[Vung Tau, 3/20/25]
In a Vung Tau alley, there’s a Naples Lounge and Apartment[s]. Since “Naples” evokes nothing to 99.99% of Vietnamese, this place could have been named Tripoli, Juneau or Biloxi. Foreigners who associate “Naples” with Italy or Florida don’t rent apartments in such a funky alley.
Over time, any place or person is reduced to a handful of memories. Of Napoli, several linger. Just arrived, I was given a fake note as change. When I tried to pay with this half an hour later, a shop woman laughed, then said I should just pass it on the street. Buy an ice cream or something. Her mirth was lovely.
Trying to find my room, I asked a young man where Vico Cinquesanti was. We were at Quattrosanti, he grinned, so I had to walk another block. It took me an extra second or two to get his joke. My laughter was mostly from confusion. To kid with a clear foreigner was a welcoming gesture. I appreciate his friendliness.
Finally inside, I was relaxed enough to interrogate the elderly landlady. “Are you from Naples?” “Come,” she said, then led me to a window. “There,” she pointed, “was where I was born.” That hospital wasn’t 50 yards away.

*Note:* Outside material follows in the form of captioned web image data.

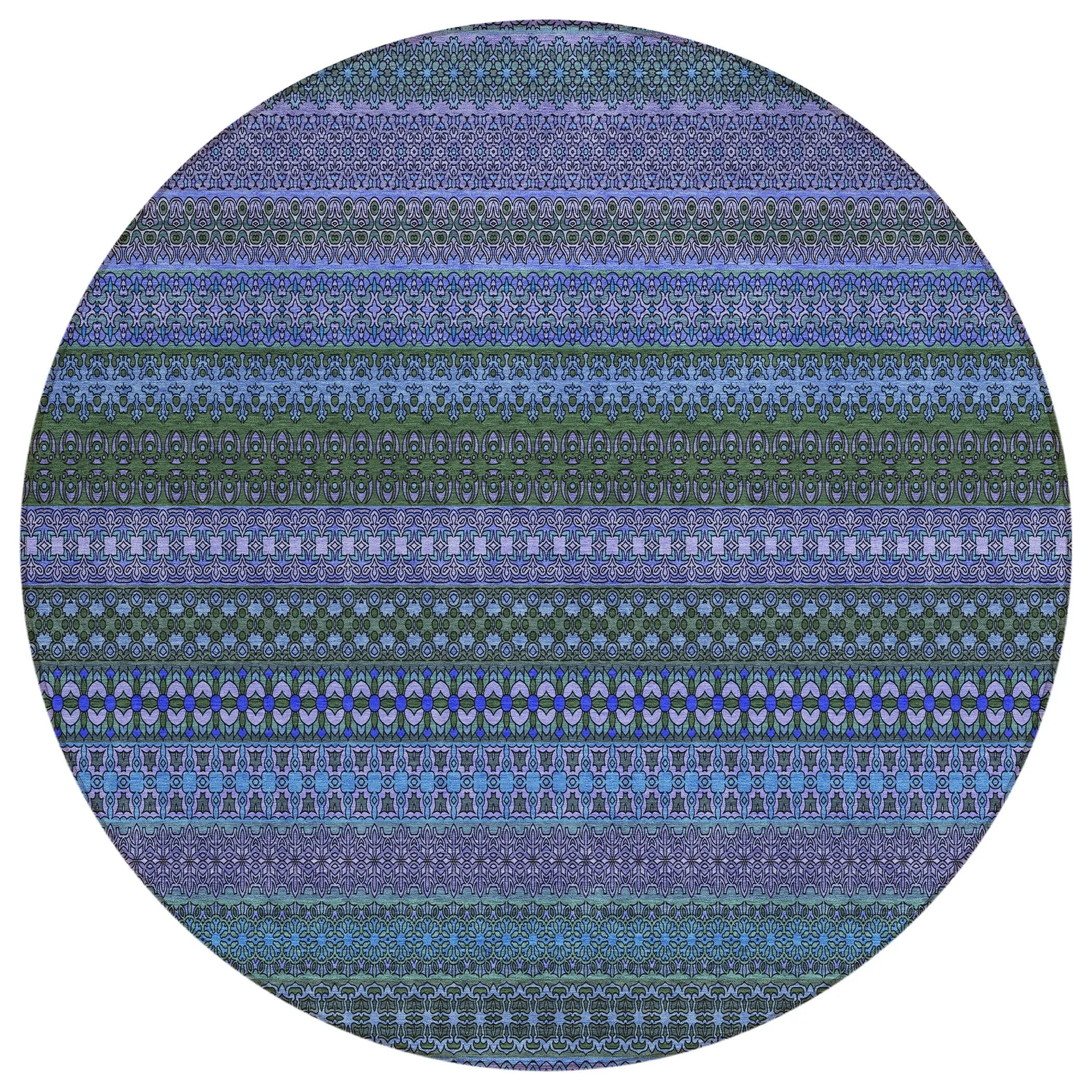 Machine Washable Indoor/ Outdoor Moroccan Stripes Chantille Rug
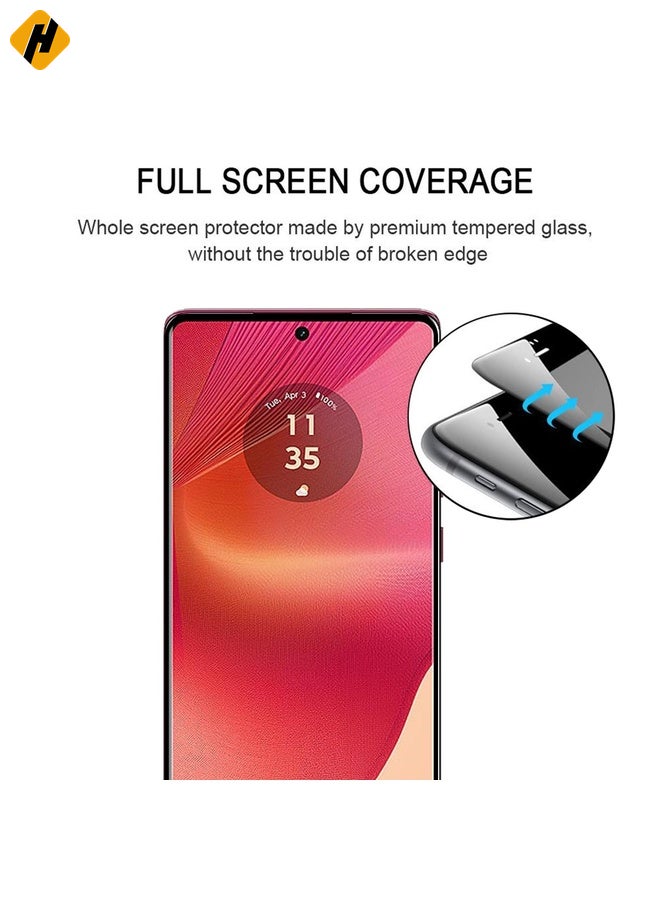 HuHa Screen Protector For Motorola Edge 50 Fusion Edge Glue 9H HD 3D Curved Edge Tempered Glass Film(Black) - Image 3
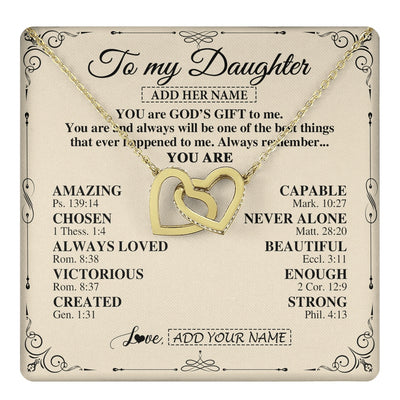 Interlocking Hearts Necklace 18K Yellow Gold Finish | 1 | Personalized To My Daughter Gifts Necklace From Mom Dad You Are God's Gift To Me Daughter Birthday Gifts Christmas Christian Custom Gift Box Message Card | https://teecentury.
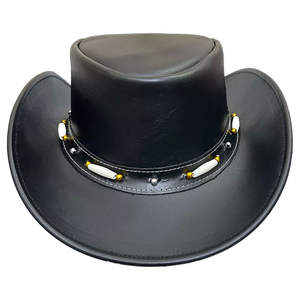 Sombreros de Vaquero de Cuero Vintage para Hombre y Mujer, Sombrero Rojo y Negro Estilo Western, Cuero Crazy Horse - Product Image 2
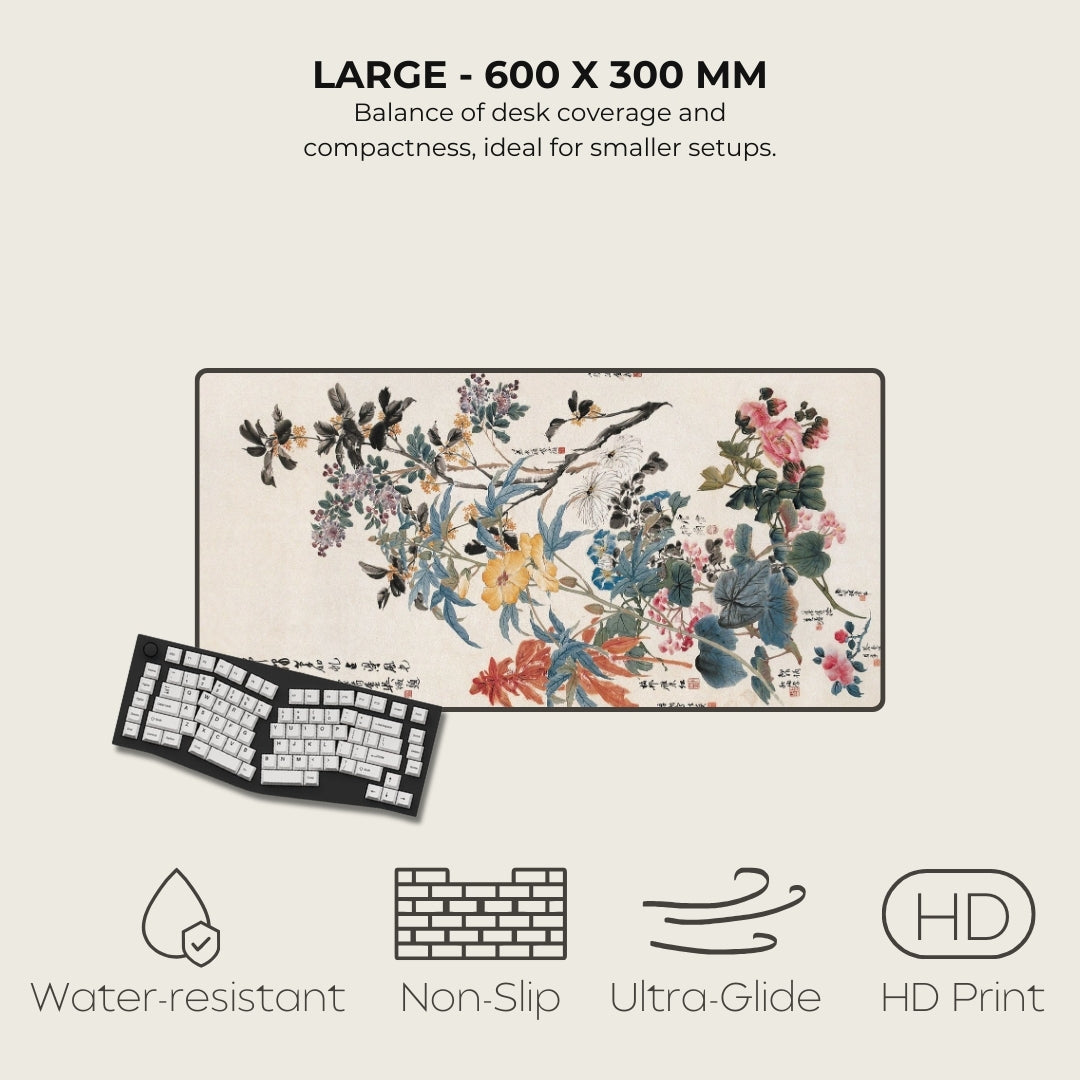 Floral design desk mat with keyboard on a light background, featuring text and icons about product features.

That night, I observed with fascination an old man eating and drinking very leisurely at a neighborhood restaurant. There were always four or five little dishes at his table. Sipping red wine, he chattered with the owner. Of course I don’t remember what it was but, for the sake of poetry, beauty and the love of God, let’s just say it was Lacryma Christi. It’s only reasonable to conclude he had been going there forever. Perhaps he was born in the same hospital as that lady.